_Problem to work on_.
Output exactly, and only, the lines below from the one with "2008 BMW E93" down to the one with "Predám Jeep Wrangler 4L automat. - 2". Include both end lines and no pictures.

_The data_.

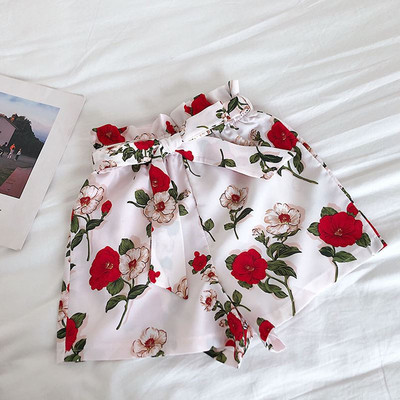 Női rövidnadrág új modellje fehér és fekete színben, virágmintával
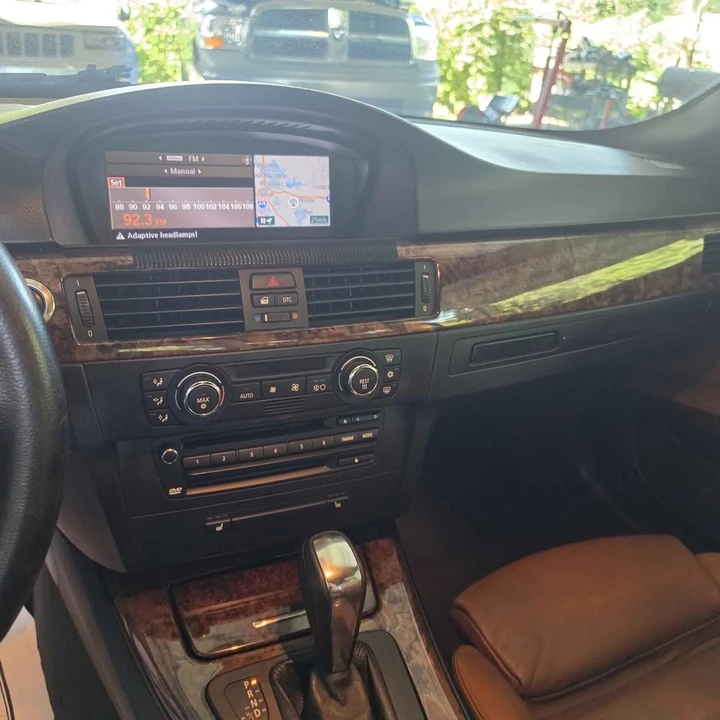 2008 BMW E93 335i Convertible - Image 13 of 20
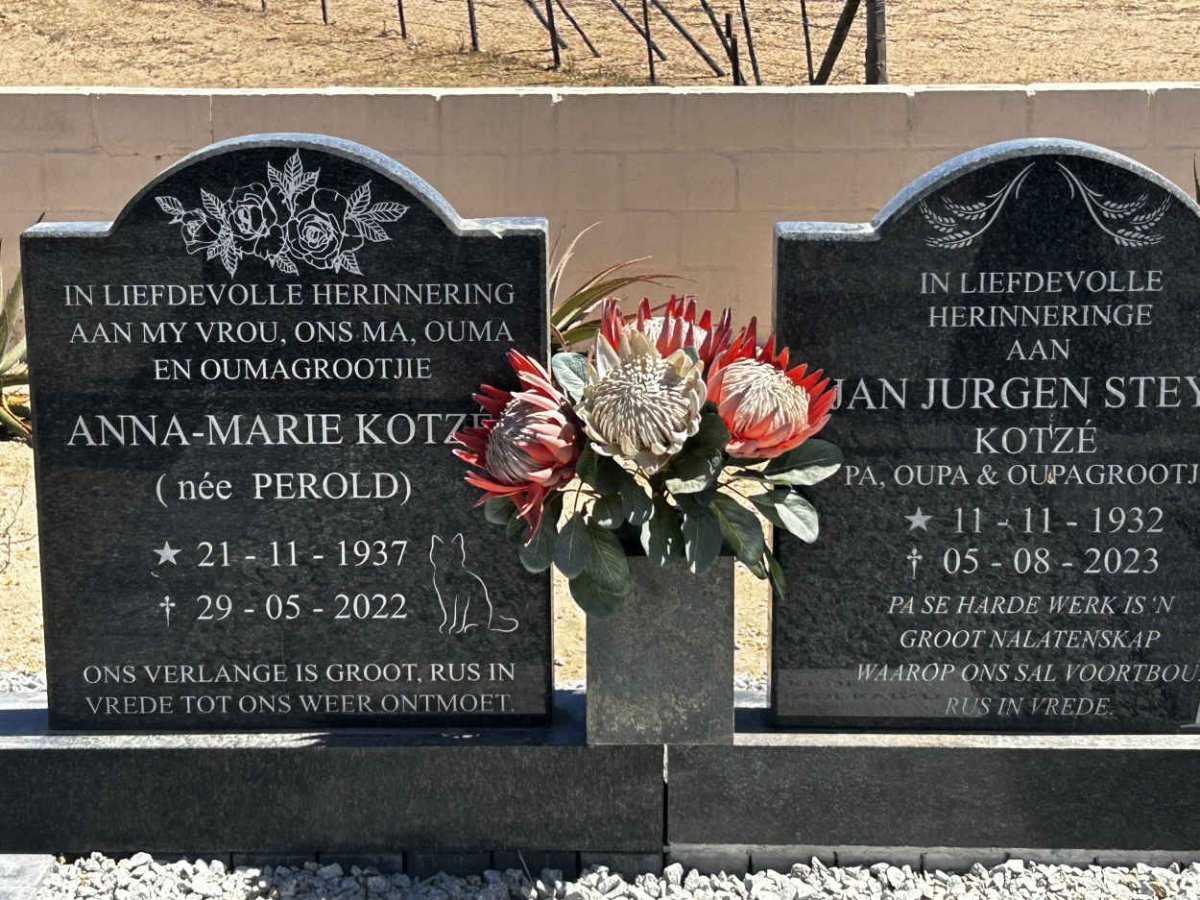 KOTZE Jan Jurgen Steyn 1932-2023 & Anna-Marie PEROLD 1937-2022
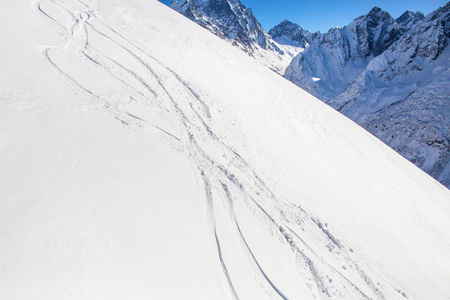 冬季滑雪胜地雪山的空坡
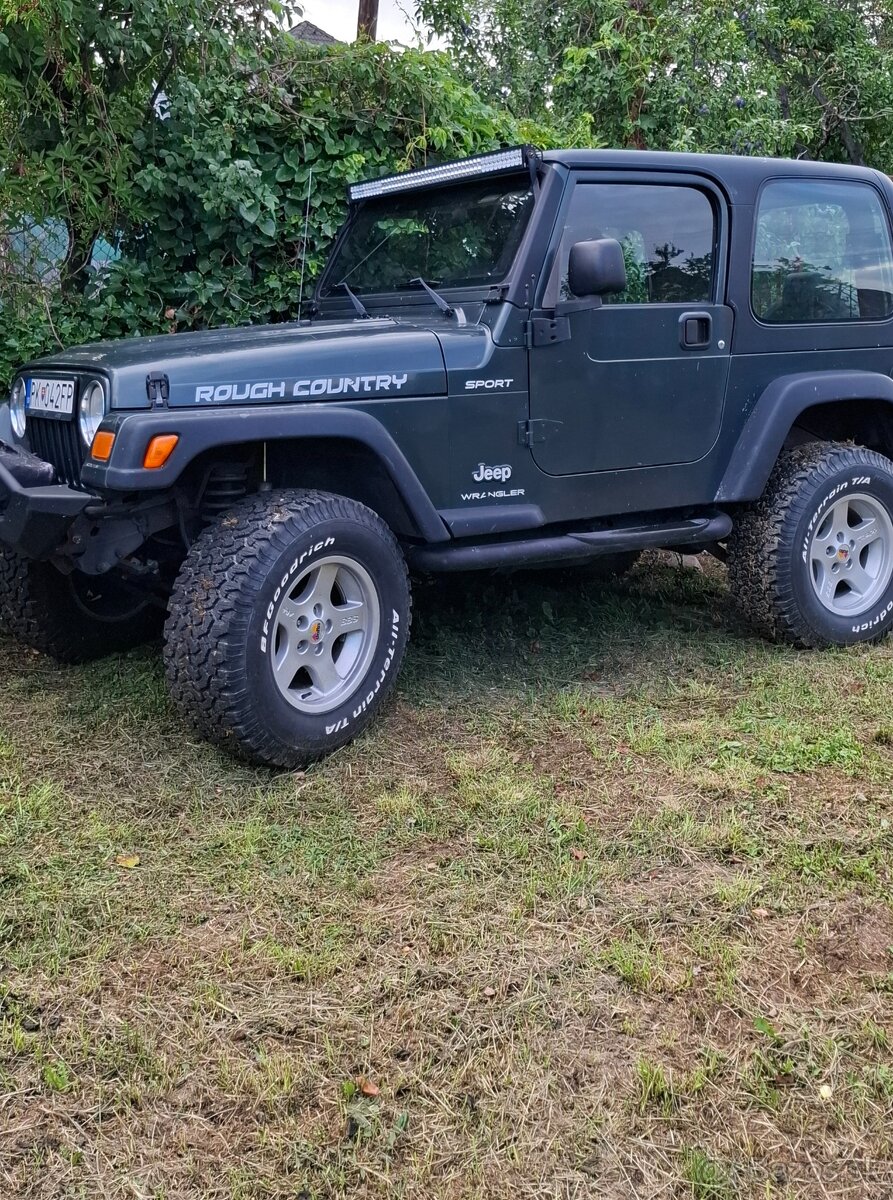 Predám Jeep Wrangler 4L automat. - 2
--
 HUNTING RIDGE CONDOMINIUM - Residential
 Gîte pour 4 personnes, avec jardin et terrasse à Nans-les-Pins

_Solution to this exercise_.
 2008 BMW E93 335i Convertible - Image 13 of 20
 KOTZE Jan Jurgen Steyn 1932-2023 & Anna-Marie PEROLD 1937-2022
 冬季滑雪胜地雪山的空坡
 Predám Jeep Wrangler 4L automat. - 2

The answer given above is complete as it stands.